DUMAI, GORIAU.COM - Pihak penyidik Kepolisian Resort (Polres) Dumai masih terus mempelajari dokumen penyelewengan dan penyimpangan di Sistem Layanan Pengadaan Sistem Elektronik (LPSE) Dumai tahun 2013. Menurut Rekomendasi yang diajukan DPRD Dumai kepada pihak kepolisian terjadinya penyimpangan dan pelanggaran atas hukum yag dilakukan 18 panitia lelang ULP pada sistem LPSE khususnya bidang pekejaan kontruksi.

Kapolres Dumai AKBP Yudi Kurniawan SIK kepada Goriau.com Rabu (4/9/13) menyebutkan berdasarkan rekomendasi yang telah diterima pihak penyidik Polres oleh DPRD Dumai terkait laporan pengusutan penyelewengan pada LPSE. Rekomendasi itu terdiri dari Absensi hasil rapat, rekaman audio hasil rapat serta dokumen pendukung lainnya.

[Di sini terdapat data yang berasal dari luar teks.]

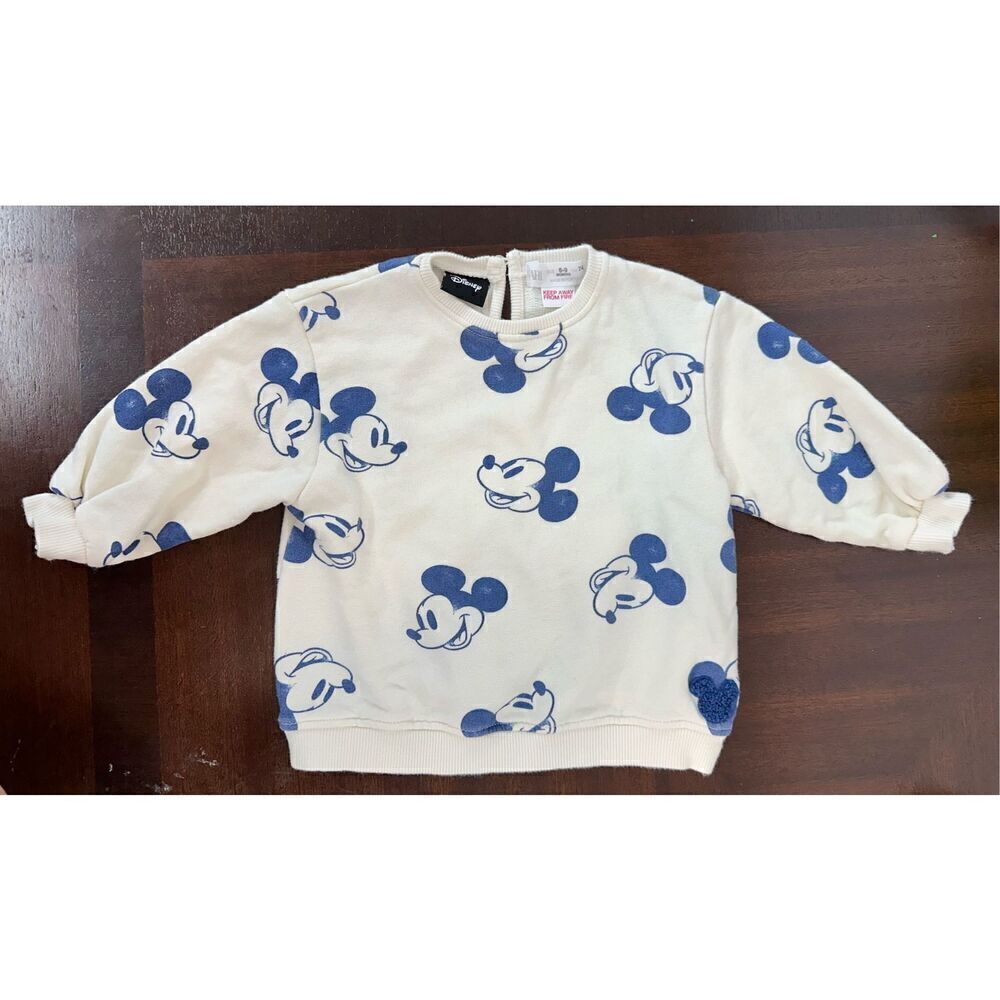 Zara Disney Mickey Mouse Crew Neck Cotton Sweater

"Laporan tersebut sekarang sedang dipelajari oleh tim penyidik dan selanjutnya akan dilakukan penyelidikan," ujarnya melalui pesan Blackberry Messenger.

Dilanjutkan Kapolres, setelah pihak penyidik benar-benar menemukan pelanggaran hukum atas lelang LPSE pada panitia lelang ULP nantinya sebagaimana yang dilaporkan, maka penyidik akan langsung terjun melakukan penyelidikan bahkan terhadap ke 18 orang panitia.

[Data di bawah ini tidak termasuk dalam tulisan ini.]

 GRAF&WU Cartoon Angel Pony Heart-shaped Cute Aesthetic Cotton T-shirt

"Jika benar-benar ditemukan pelanggaran hukum maka akan kita lakukan penyidikan baik kepada LPSE maupun kepada para panitia lelangnya," jelas Yudi.

Sebelumnya diberitakan, Gapensi Kota Dumai menemukan pemenang lelang oleh panitia lelang melalui ULP khususnya pada bidang konstruksi baik pada Pokja-I maupun Pokja II tidak sesuai lagi dengan Perpres 70 Tahun 2012. Banyaknya indikasi kecurangan dalam lelang tersebut berdasarkan kesimpulan hasil rapat dengar pendapat (Hearing) yang dilaksanakan Komisi III DPRD Kota Dumai bersama instansi terkait bersama Badan Pimpinan Cabang Gapensi Kota Dumai yang dilaksanakan Selasa, (27/8/13) kemarin.

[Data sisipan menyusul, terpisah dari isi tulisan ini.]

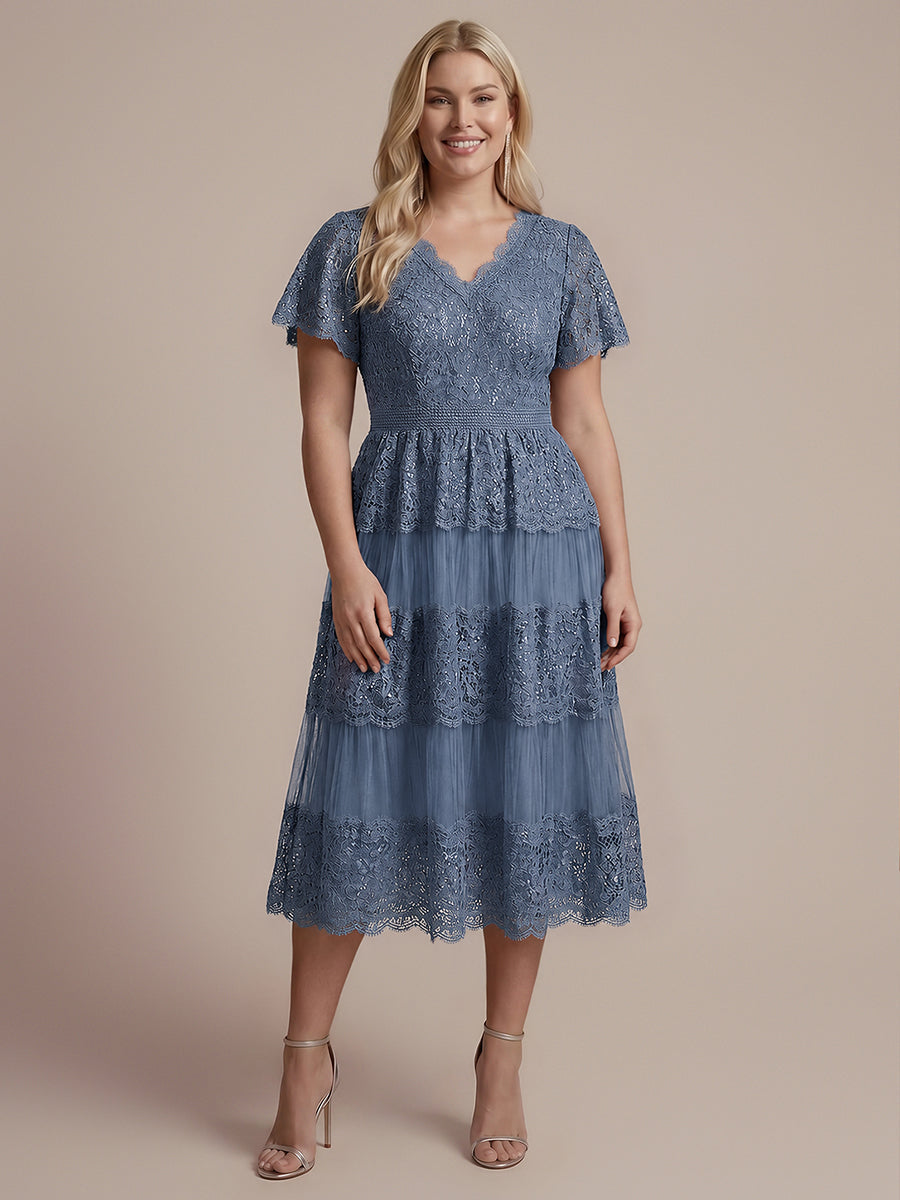 Lace Ruffle Sleeve A-Line Wedding Guest Dress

Selain pelanggaran tersebut juga ditemukan adanya sertifikat yang dimiliki sejumlah panitia lelang tidak berlaku lagi. Permohonan Hearing Pimpinan Cabang Gabungan Pelaksana Konstruksi Nasional Indonesia (GAPENSI) Kota Dumai berdasarkan nomor 325/C.05-DMI/VIII/2013 yang ditujukan kepada DPRD Kota Dumai tertanggal 13 Juli 2013 lalu.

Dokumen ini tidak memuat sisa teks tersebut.